How long have you had them? I would be really surprised if it's not just a matter of time before they spawn.


----------



## dawg22isit (Jan 18, 2011)

iv had them
for about a month


----------



## bpman25 (Oct 21, 2010)

I would just give them a little time and frequent water changes.


----------



## dawg22isit (Jan 18, 2011)

do water changes really work? Does it make them breed


----------



## Quan (Dec 13, 2010)

Not sure about water changes, I'm sure it helps, but mine got it on no matter what. "Just add water" like the saying goes.


----------



## CiChLiD LoVeR128 (Mar 22, 2006)

Convicts are very easy to breed. They are called rabbits in the cichlid world........you never know they may be related :lol: . Pretty soon you are going to wish they never did spawn. I agree with the others it is really a matter of time.

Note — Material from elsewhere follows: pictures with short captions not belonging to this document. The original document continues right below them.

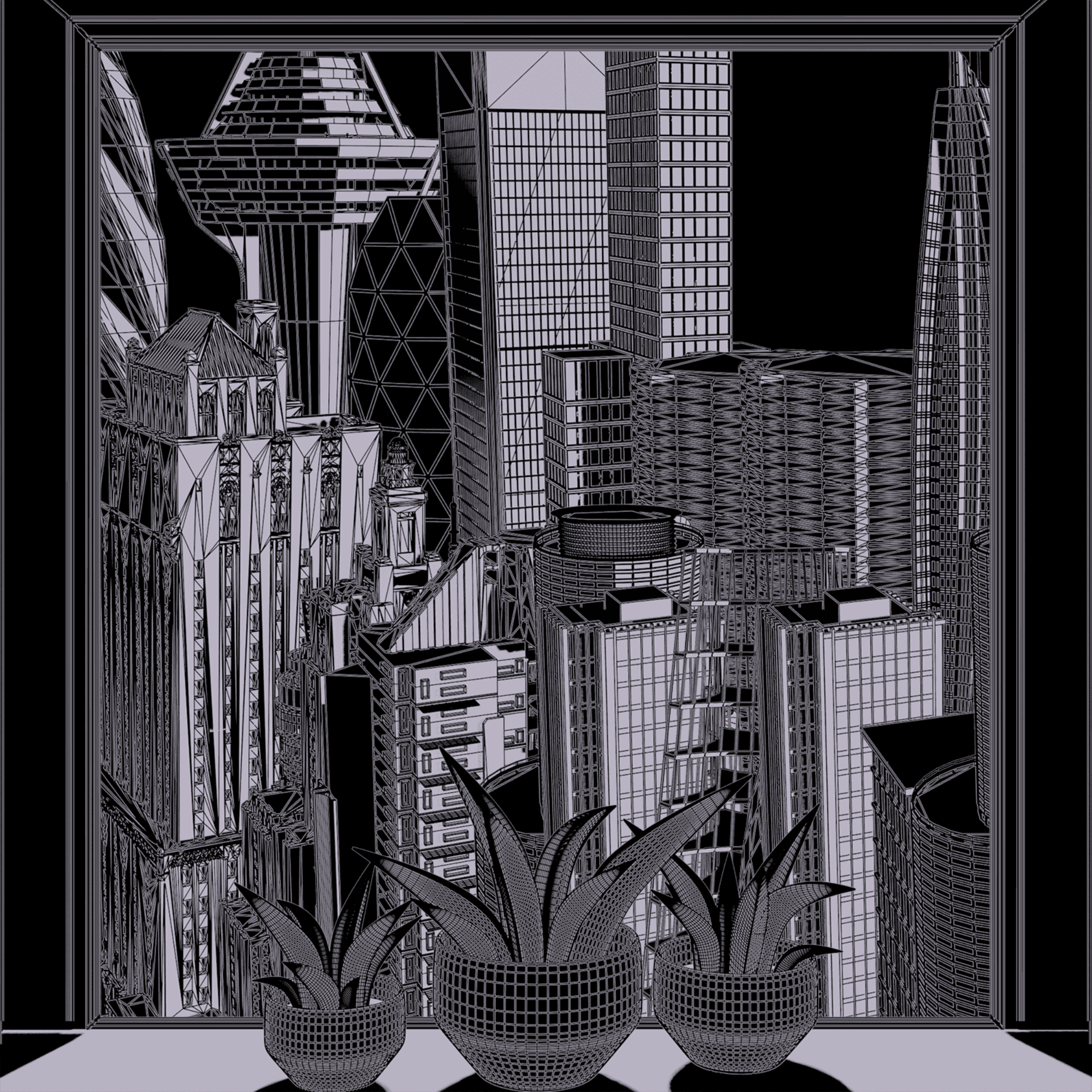 City View #479 static NFT preview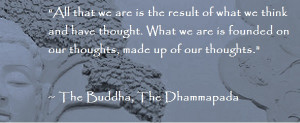 Buddha Quote - What We Are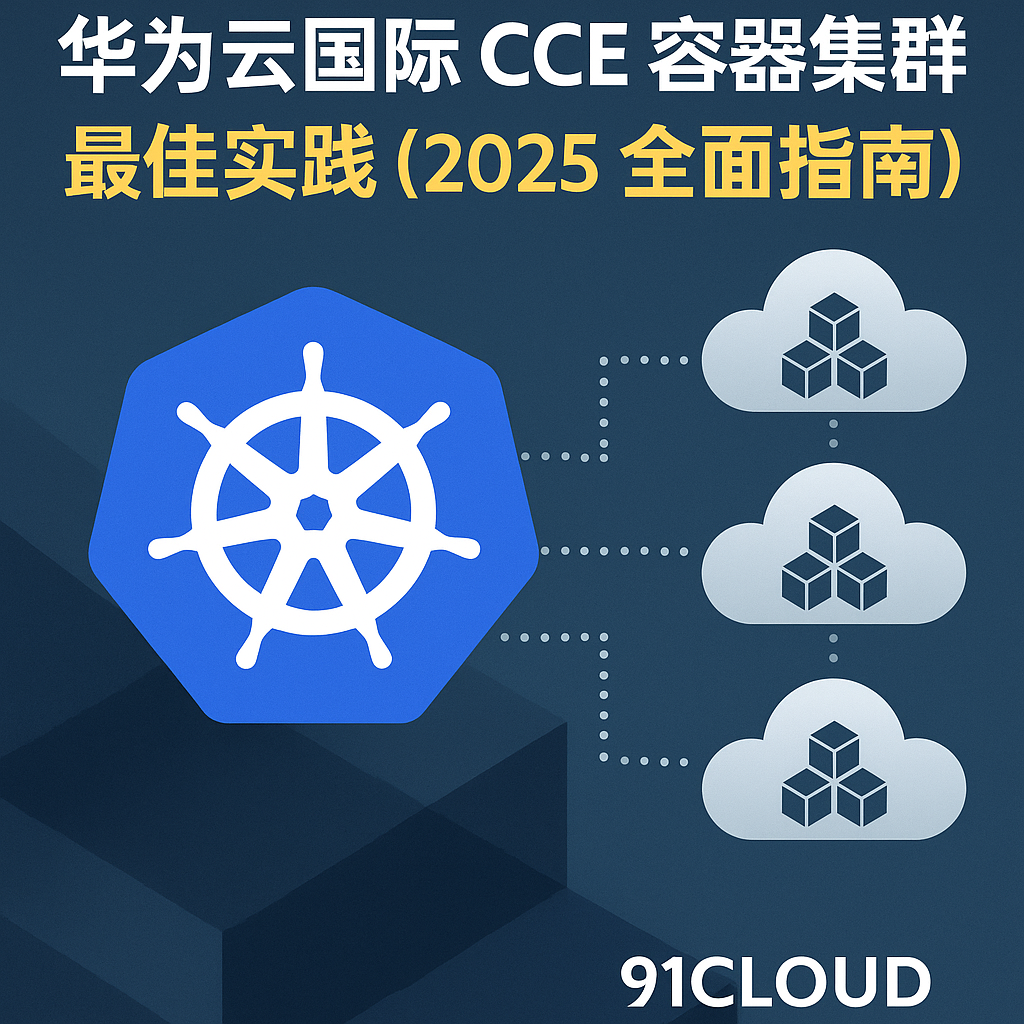 华为云国际 CCE 容器集群部署最佳实践封面图（2025 最新 Kubernetes 指南）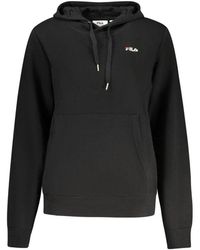 Fila - Hoodies & Sweatvesten ,Zwart ,Katoen Lierna Hooded Sweatshirt - Lyst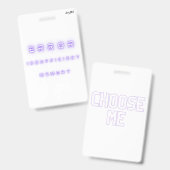 メモリ不足エラー バッジ (Front & Back)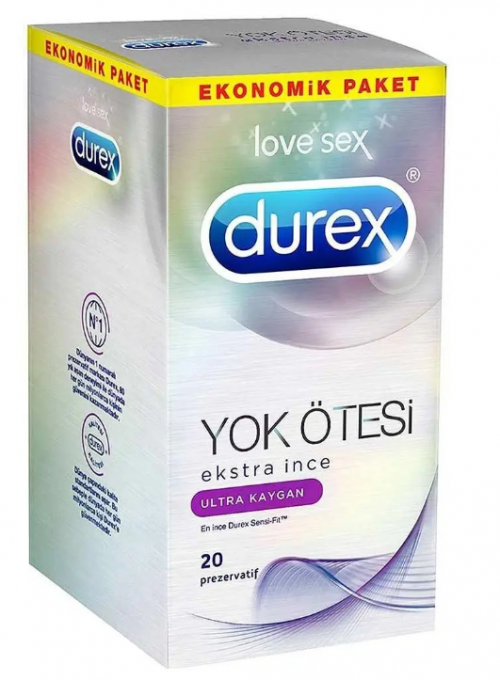 DUREX CONSERVATEUR AU-DELÀ DE NON 20pcs ULTRA GLISSANT*6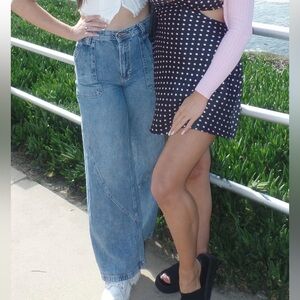 Free people baggy carpenter jeans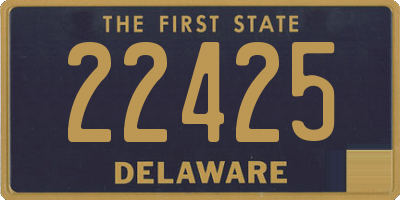 DE license plate 22425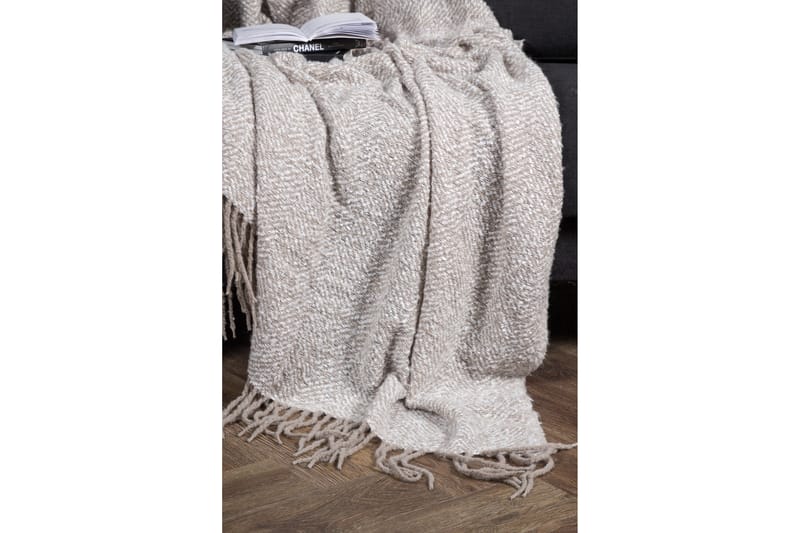 Torkkupeitto Edwand 130x170 cm - Harmaa/Valkoinen - Kodintekstiilit & matot - Tyyny & torkkupeitto - Torkkupeitto & viltti - Sherpapeitto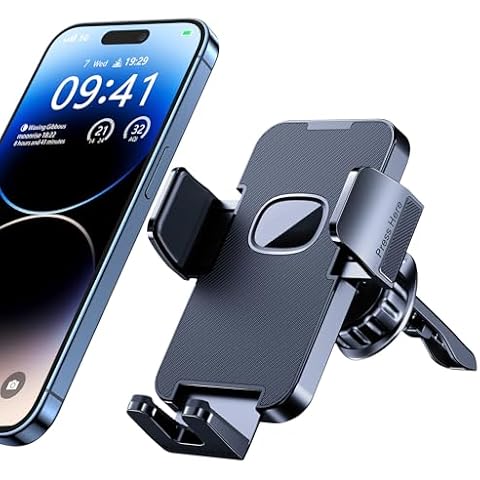 FESIYOYE Car Phone Holder Phone Holders for Your Car Air Vent Phone Mount Universal Automotive Accessories Car Mount Cradles Fit for iPhone Android Smartphones Cover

Water changes do help and make a difference. Fish will not spawn or breed in dirty water (well....... except Convicts). Also water changes trigger them to spawn especially when there is a weather front moving in. Fish generally mate when there is rain coming in or when it is raining because rain means food is plentiful and they can feel the pressure of the front in the water. They will spawn and breed when they are comfortable, healthy, and a good clean environment. As of right now I don't have any cichlids but when I did have CA's every cichlid species I had spawned just as often if not more then Convicts. It is very important to give them a variety of foods (to condition the female), weekly syphon water changes, and keep the temp around 80. Here are my 4 methods of spawning cichlids

1) For a few weeks - a month keep the temperature around 74-76 then after that raise the temperature to 80 so they get the whole effect that should trigger them to spawn. Also its just healthier for them to have their temperatures change a tad. If they are kept at 80 all of the time it really won't do anything and may not be the best for them. 
2) Do weekly syphon water changes (25-50%)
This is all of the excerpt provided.